Always be aware of the risk presented with your vCenter HA configuration; understand where what I like to call the “what if failures” reside. Once you know that then you need to have a plan to mitigate that risk.

So in a perfect scenario what would my vCenter HA environment look like if I had enough resources in my lab environment above for a 3rd cluster? Simple…

Cluster-A: Active vCenter HA Node
Cluster-B: Passive vCenter HA Node
Cluster-C: Witness vCenter HA Node

Three (3) clusters with one (1) VCHA node in each is the ideal model you are looking for.

The vCenter HA Network should span each of those clusters whether I’m using a Standard Switch or Distributed Switch. It won’t matter. Just make sure that network segment stretches all three (3) failure domains.

Remember the following VCHA Best Practices when enabling it. The entire purpose of this feature is to provide high availability in case of a “single” failure. If anything happens to the Active Node you want to make sure everything is in place to ensure vCenter continues to run. Always configure VCHA to avoid single points of failure (SPOF) that would affect these nodes.

Each VCHA node should be deployed on separate servers to protect against potential HW failures. This includes CPU, memory, motherboard, network, etc.
Each node should be deployed on separate datastores to limit the impact of a potential disk failure.
Redundant HW for the entire infrastructure. This includes power & cooling which simply increases overall availability.
Configure VCHA with one goal in mind…if a failure occurs then that failure should not affect more than ONE (1) node in your VCHA configuration.

Using vCenter HA

There are several key aspects of vCenter HA as far as monitoring and management of the feature goes. First let’s take a look at vCenter HA monitoring. Click the hyperlink for ‘vCenter HA Monitoring’ in the upper right-hand corner for vCenter HA.
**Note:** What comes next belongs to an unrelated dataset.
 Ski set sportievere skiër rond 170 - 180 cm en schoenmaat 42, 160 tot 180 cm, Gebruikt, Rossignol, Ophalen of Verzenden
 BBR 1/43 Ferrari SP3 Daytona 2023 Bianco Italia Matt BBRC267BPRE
You will be quickly redirected to the Monitor > vCenter HA tab. Here you will see the State of each node as well as any other additional information to ensure the appliances are always ‘in sync’ with each other. If there were any issues you would see that information here. Click the vCenter HA Settings link to go back.

Next click the Edit button in the upper right-hand corner of the page. A new dialog box will appear where you can change the state (or status) of the vCenter HA cluster. By default, as you can see (below) ‘Enable vCenter HA’ is greyed about because it is already enabled. If for whatever reason vCenter HA was disabled you would re-enable it here. There is a ‘Maintenance Mode’ option available in the event the Passive or Witness nodes are unavailable. During this time the ability to failover is disabled but replication between the active and passive nodes remains enabled. You can also completely ‘Disable vCenter HA’. The configuration of the vCenter HA cluster is preserved but everything else becomes disabled. If you wanted to completely remove the vCenter HA cluster you would select the Remove vCenter HA option and click OK. Click cancel for now to return back to the main vCenter HA menu.

Next click the Initiate Failover button in the upper right-hand corner. The ‘Initiate vCenter HA Failover’ screen will appear. You would use this option if you wanted to perform a ‘planned failover’ of the vCenter Server (Web Client) and other services to the passive node. Yes, during this time vCenter Server services will be unavailable but don’t worry your environment and other VMs will remain intact. Click YES if you want to see what a planned failover looks like.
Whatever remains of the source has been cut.